Page 1 of 1

Converting jpg to tiff for OCR with tesseract

Posted: 2012-03-20T10:27:34-07:00
by gerasalus
Hi all,

what i'm basically trying to achieve is convert jpg file to tiff so that it could be parsed with tesseract.

The problem - when i convert it by using convert command line utility, tesseract output contains a lot of garbage. But if i process the same image on Mac with Preview (simply auto-levels and save as tiff) the output of tesseract is pretty good.

Visually looking at the images i can see that convert output is a bit darker. Any suggestions not for particular case, but for general use?

Command i'm using to convert:

convert -alpha set -auto-level -auto-gamma -compress none sample.jpg output.tiff

Tried using with -normalize also , does not help.

Also the files

Original : http://dl.dropbox.com/u/12535857/tesseract/sample.jpg
Mac : http://dl.dropbox.com/u/12535857/tesseract/mac.tiff
Imagemagick: http://dl.dropbox.com/u/12535857/tesseract/ubuntu.tiff

Re: Converting jpg to tiff for OCR with tesseract

Posted: 2012-03-20T11:32:41-07:00
by fmw42
What version of IM are you using?

This works fine for me on IM 6.7.6.1 Q16 Mac OSX Snow Leopard.

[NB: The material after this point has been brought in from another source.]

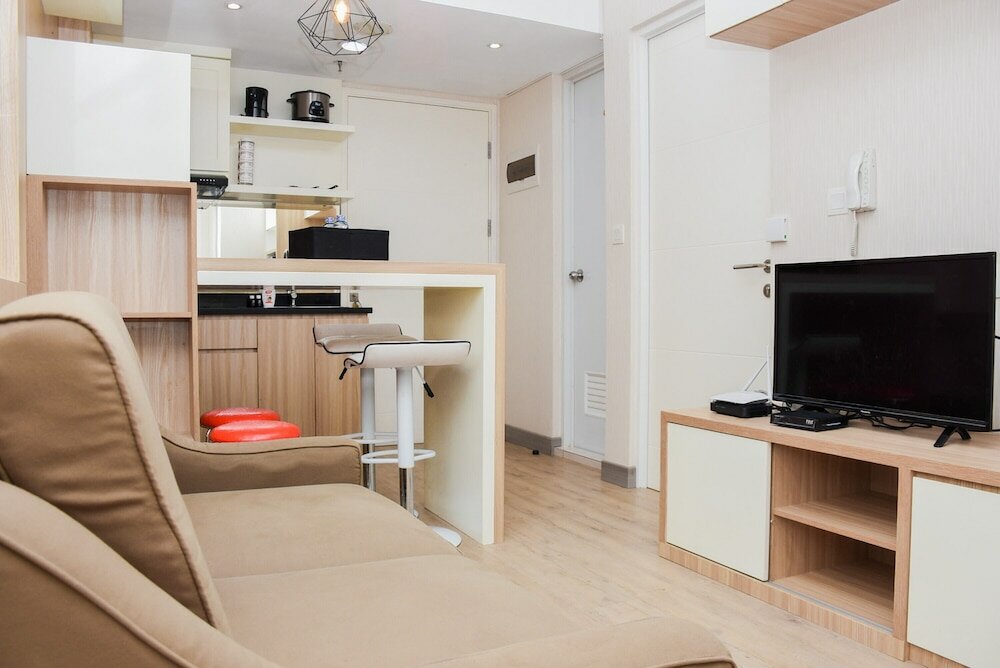 Фото Comfort And Homey 2Br At Springlake Apartment Bekasi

convert 1sample.jpg -auto-level -compress none 1sample.tiff

The culprit that is causing it to darken is -auto-gamma. Leave it off. Also the proper IM 6 syntax is in general to read the input image first.

see
http://www.imagemagick.org/Usage/basics/#cmdline

Re: Converting jpg to tiff for OCR with tesseract

Posted: 2012-03-20T13:06:21-07:00
by gerasalus
Thanks for reply,

Version: ImageMagick 6.6.2-6 2011-03-16 Q16 http://www.imagemagick.org
Its on Ubuntu 11.04

Unfortunately if i omit the -auto-gamma tesseract produces only garbage :(

Re: Converting jpg to tiff for OCR with tesseract

Posted: 2012-03-20T14:24:06-07:00
by fmw42
But your Mac file does not cause problems and it is not darkened by the auto-gamma.

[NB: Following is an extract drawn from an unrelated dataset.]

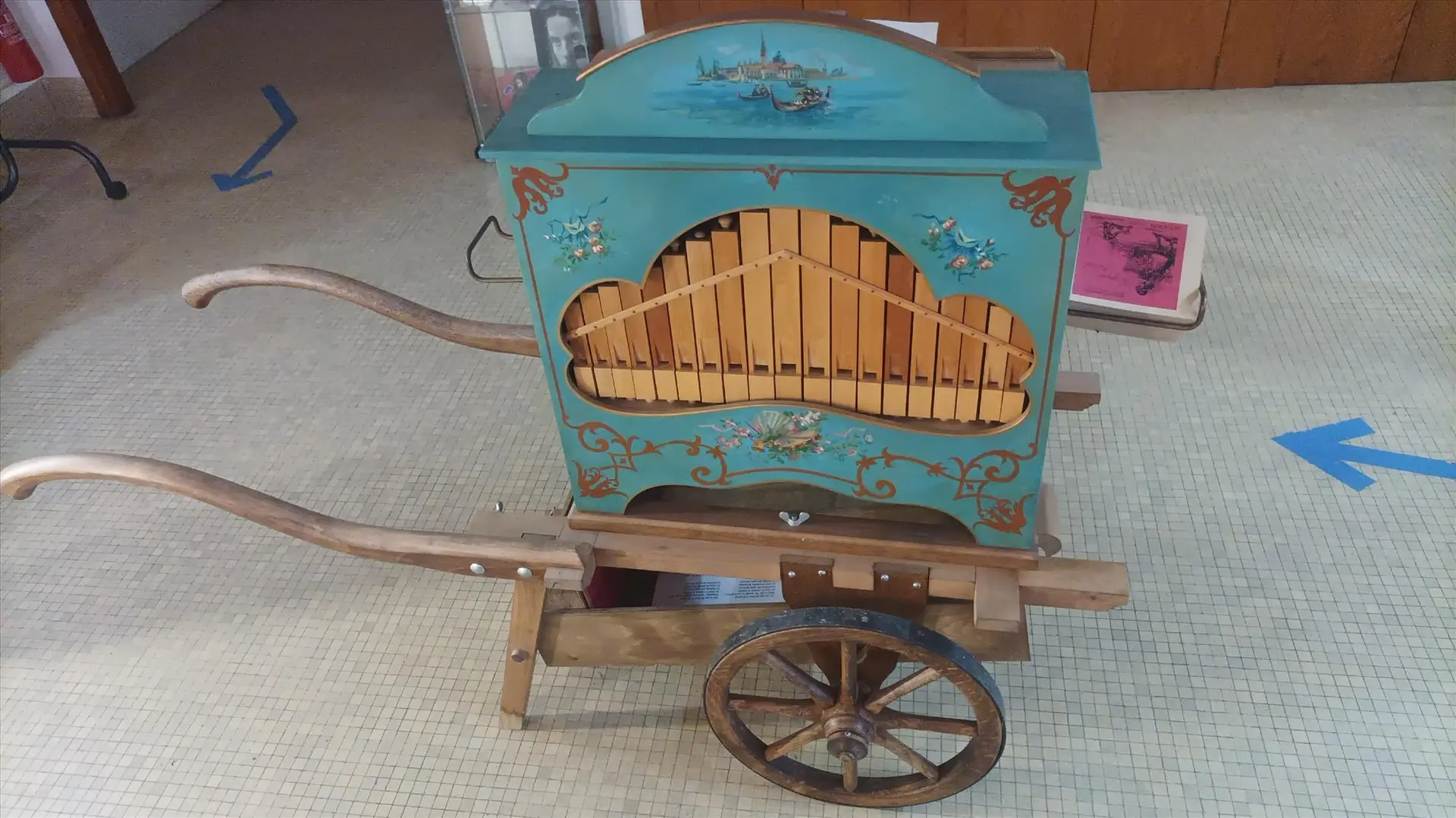 Un orgue de barbarie, qui  peut vous faire chanter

Why do you have -alpha set enabled? It only turns on a perfectly opaque alpha channel, which I would think would not be good for your tesseract.

Did you try my command?

Try upgrading your IM as you are about 100 versions old.

Re: Converting jpg to tiff for OCR with tesseract

Posted: 2012-03-20T16:08:09-07:00
by gerasalus
fmw42 wrote: Why do you have -alpha set enabled? It only turns on a perfectly opaque alpha channel, which I would think would not be good for your tesseract.
I wanted to make it 100% like the one on my mac
fmw42 wrote: Did you try my command?

Try upgrading your IM as you are about 100 versions old.
I've tried your command before upgrading. Garbage output. So 'ive upgraded my imagemagick to "Version: ImageMagick 6.7.6-1 2012-03-20 Q16"
And after that even my old command failed - tesseract would simply output empty file of the tiff.
After downloading and examining the one created on my Mac with the one created on Ubuntu with your command i somehow noticed that the one on Mac is kind of more sharp. So i've started playing with -contrast option, and it seems that 3x -contrast gets me where i want.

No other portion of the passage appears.